Last week Matt Swartz published an updated analysis of ERA estimators. He was kind enough to share his data so I could take a look at the accuracy of ERA estimators as a function of innings pitched. In other words, is there a difference in accuracy between the estimators given 100 historical innings pitched versus 500?  (Hint: yes.)

We can measure a lot of things that happen while a pitcher is on the mound, but it takes a while for the real information to show itself. As we collect more data, the random noise is more likely it is to cancel itself out. For example, during any one season you'll see a lot of .270 BABIPs, but once we look at careers over five-season stretches, .270 BABIPs are few and far between.
Some peripherals include a lot of noise, such as BABIP, HR/FB% and LOB%. Other peripherals start with a low noise-to-information ratio, such as SO/PA, BB/PA, and GB/BIP. As such, we might guess that metrics like SIERA and xFIP, which only use the latter peripherals as inputs, will more accurately reflect true talent in the short run, while things like ERA will be more accurate in the long run, because they can pick up on the former peripherals. Short term we need to reduce noise, but long term we can maximize information.
Methodology: Using pitchers who threw at least 40 innings from 2004 through 2010, I binned them according to total innings pitched the previous three years, every 100 IP. (Note that the data set only goes back until 2003 and didn't include any seasons with fewer than 40 innings.) The first bin has 40-100 IP in years n-3 through n-1, and the last bin has 600+ IP. For each bin, I calculated the weighted metrics (ERA_adj, FIP, xFIP, SIERA, and tERA) over the preceding three seasons, and then found the RMS error compared to the following season's park-adjusted ERA, weighted by the following season's IP total. A lower number means less disagreement, which is good.
Results (full data table at end of post):
  • The more historical information, the better future ERA can be predicted by all the metrics. Stunner, I know.
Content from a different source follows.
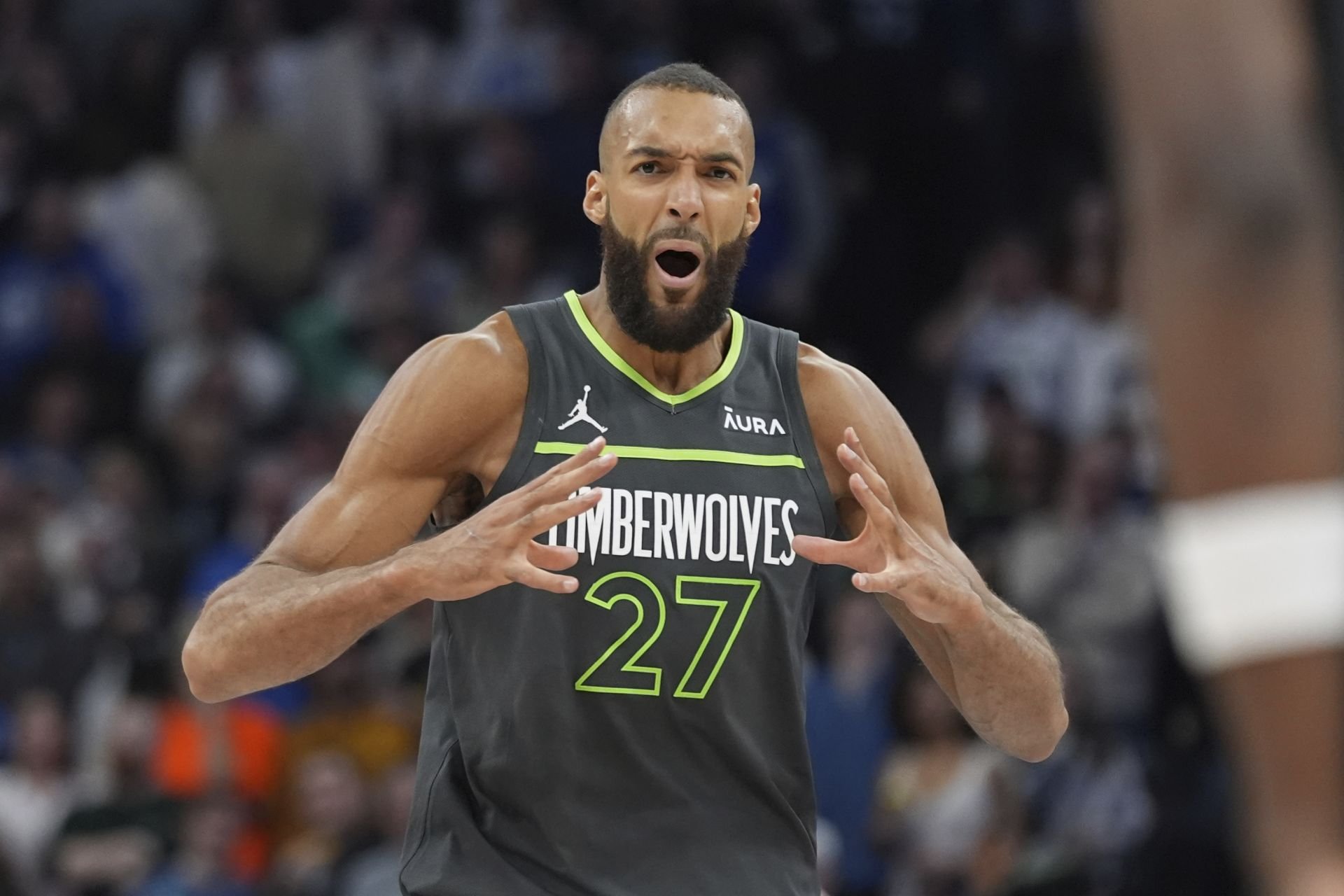 Shaq ho nazval najhorším basketbalistom histórie NBA, pritom pravidelne vyhráva ceny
  • Given less than 200 innings pitched — a full season for most starting pitchers, or three years for a relief pitcher — SIERA holds a small advantage over xFIP, which in turn holds a small advantage over FIP. ERA_adj and tERA lag behind.
  • With more than 200 innings pitched, SIERA, xFIP and FIP merge in effectiveness.
  • By 500 IP, all five estimators are on equal ground.
  • ERA never surpasses the peripheral-based estimators, but maybe we just haven't included enough history to detect ERA's advantage, yet.
(Not that the only job of an ERA estimator is to predict future ERA.  Another important use is to evaluate in-season performance.  Comparison to future ERA remains a handy benchmark, however, because determining in-season true-talent ERA is an important part of projection.)
40<100 490 1.14 1.18 1.27 1.44 1.61
100<200 609 1.05 1.09 1.15 1.31 1.26
200<300 326 1.09 1.08 1.09 1.20 1.24
300<400 179 .92 .95 .97 1.04 1.01
400<500 141 .97 .96 .95 1.03 1.02
500<600 149 .99 1.01 .98 .98 .97
600+ 111 .74 .75 .72 .80 .73